[What you should do]
In the records below, repeat exactly the lines between the line holding "Filmi Star (feat." and the line holding "Frank Carter &", inclusive, and drop the pictures.

[Data for processing]
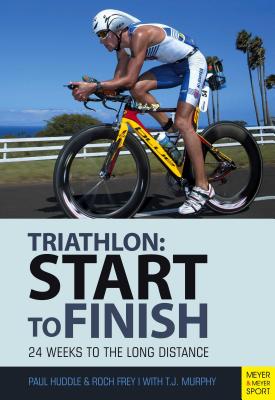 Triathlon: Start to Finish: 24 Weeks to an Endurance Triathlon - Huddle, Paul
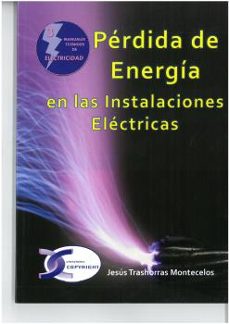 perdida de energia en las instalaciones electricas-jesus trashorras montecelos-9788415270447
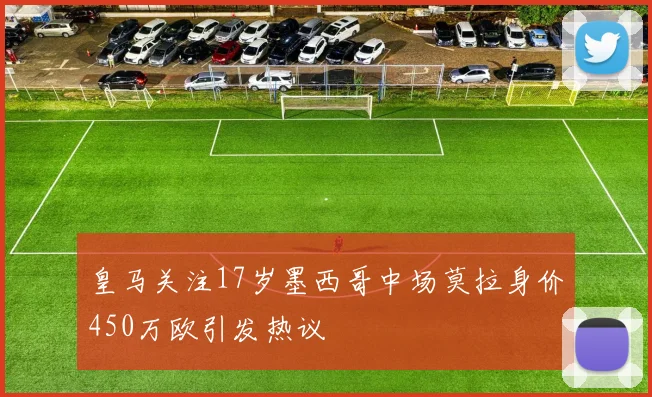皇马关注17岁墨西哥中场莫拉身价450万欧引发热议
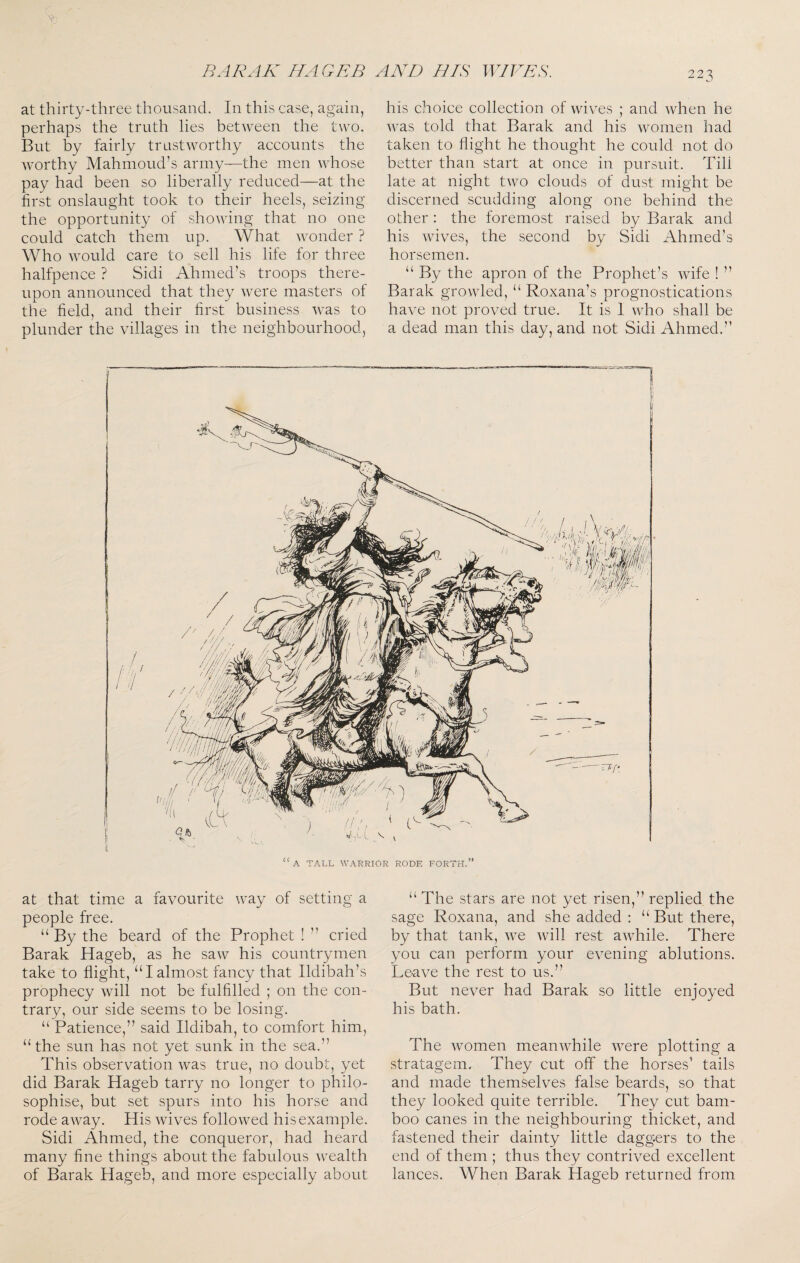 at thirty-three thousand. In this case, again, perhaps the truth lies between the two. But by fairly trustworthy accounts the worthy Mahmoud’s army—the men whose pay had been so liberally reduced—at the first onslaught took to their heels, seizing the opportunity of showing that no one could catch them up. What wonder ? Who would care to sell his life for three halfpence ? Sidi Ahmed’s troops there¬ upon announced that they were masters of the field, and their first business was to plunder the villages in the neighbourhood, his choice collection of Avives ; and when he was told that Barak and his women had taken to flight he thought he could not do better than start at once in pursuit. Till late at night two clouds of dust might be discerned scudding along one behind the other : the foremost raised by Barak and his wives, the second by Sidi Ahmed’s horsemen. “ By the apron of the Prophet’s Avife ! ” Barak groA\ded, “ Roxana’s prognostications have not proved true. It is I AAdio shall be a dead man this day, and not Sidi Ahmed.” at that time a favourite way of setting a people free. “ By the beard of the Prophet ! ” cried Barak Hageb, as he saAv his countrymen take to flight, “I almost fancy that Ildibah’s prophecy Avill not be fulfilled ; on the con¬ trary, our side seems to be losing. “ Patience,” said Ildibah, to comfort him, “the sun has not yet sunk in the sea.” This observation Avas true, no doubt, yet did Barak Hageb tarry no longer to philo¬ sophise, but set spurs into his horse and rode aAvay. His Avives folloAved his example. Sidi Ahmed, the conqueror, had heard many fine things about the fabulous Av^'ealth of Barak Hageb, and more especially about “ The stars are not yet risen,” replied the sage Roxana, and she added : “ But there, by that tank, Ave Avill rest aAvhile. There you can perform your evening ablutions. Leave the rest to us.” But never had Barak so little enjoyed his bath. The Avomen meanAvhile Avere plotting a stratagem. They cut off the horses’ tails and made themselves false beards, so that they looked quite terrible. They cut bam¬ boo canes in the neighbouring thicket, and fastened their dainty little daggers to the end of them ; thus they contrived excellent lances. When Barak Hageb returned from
* * *
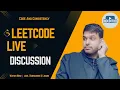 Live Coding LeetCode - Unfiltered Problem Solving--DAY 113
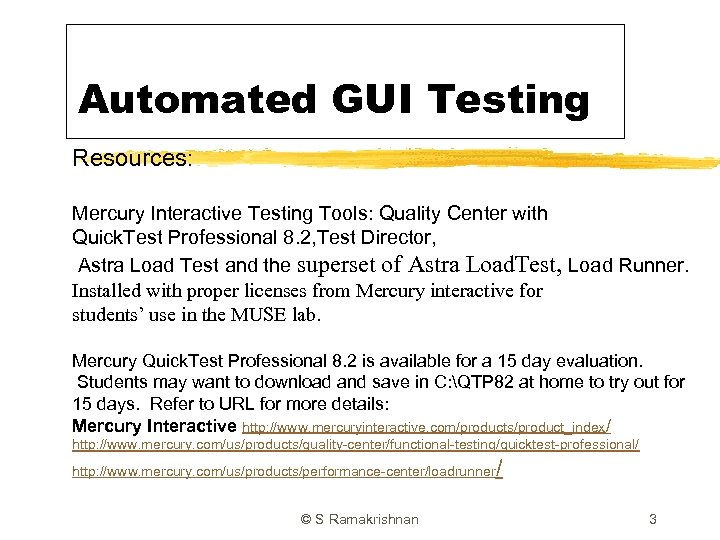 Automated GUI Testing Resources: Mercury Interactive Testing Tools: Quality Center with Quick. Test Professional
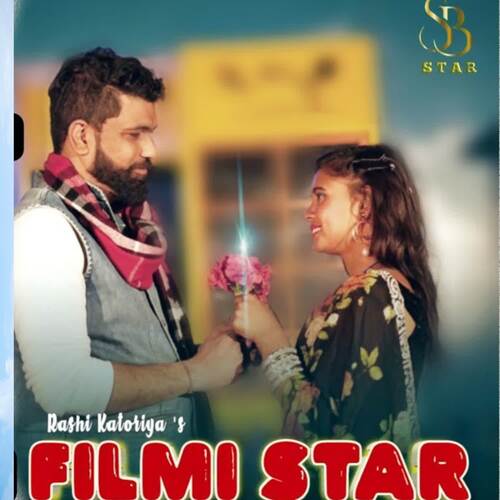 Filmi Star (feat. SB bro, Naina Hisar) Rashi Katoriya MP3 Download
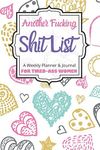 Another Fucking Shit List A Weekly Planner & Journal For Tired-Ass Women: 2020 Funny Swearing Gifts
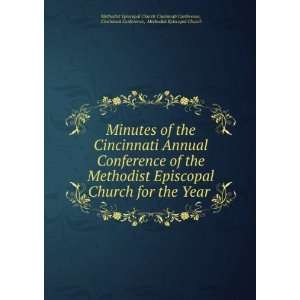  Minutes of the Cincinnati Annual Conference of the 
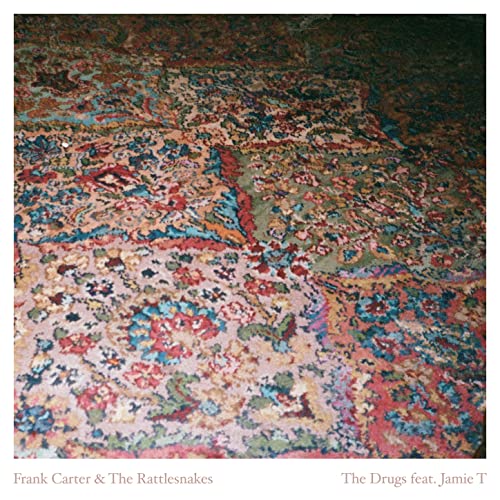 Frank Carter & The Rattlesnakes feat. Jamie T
==
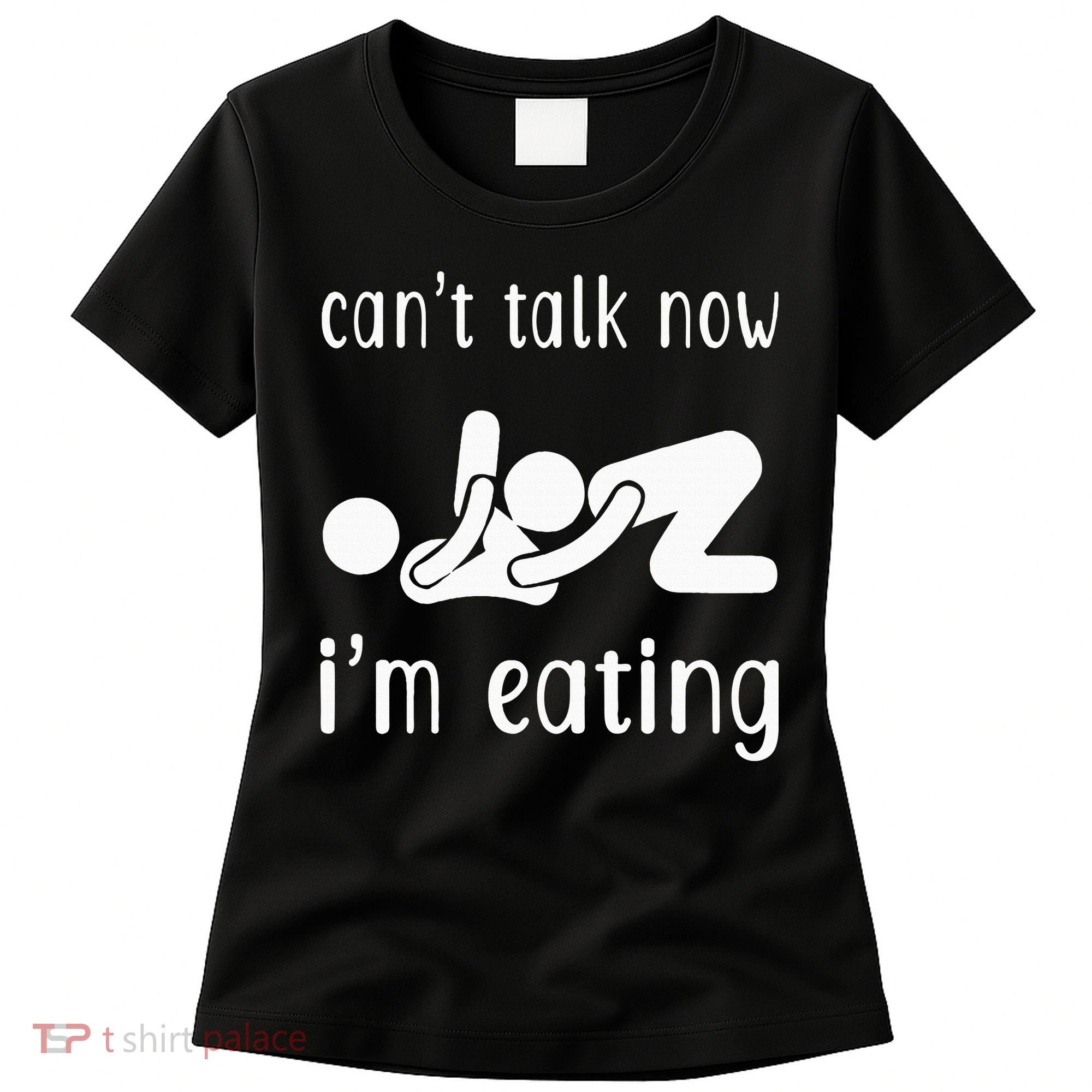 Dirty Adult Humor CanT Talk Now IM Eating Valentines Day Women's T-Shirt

[Task solution]
 Filmi Star (feat. SB bro, Naina Hisar) Rashi Katoriya MP3 Download
 Another Fucking Shit List A Weekly Planner & Journal For Tired-Ass Women: 2020 Funny Swearing Gifts
  Minutes of the Cincinnati Annual Conference of the 
 Frank Carter & The Rattlesnakes feat. Jamie T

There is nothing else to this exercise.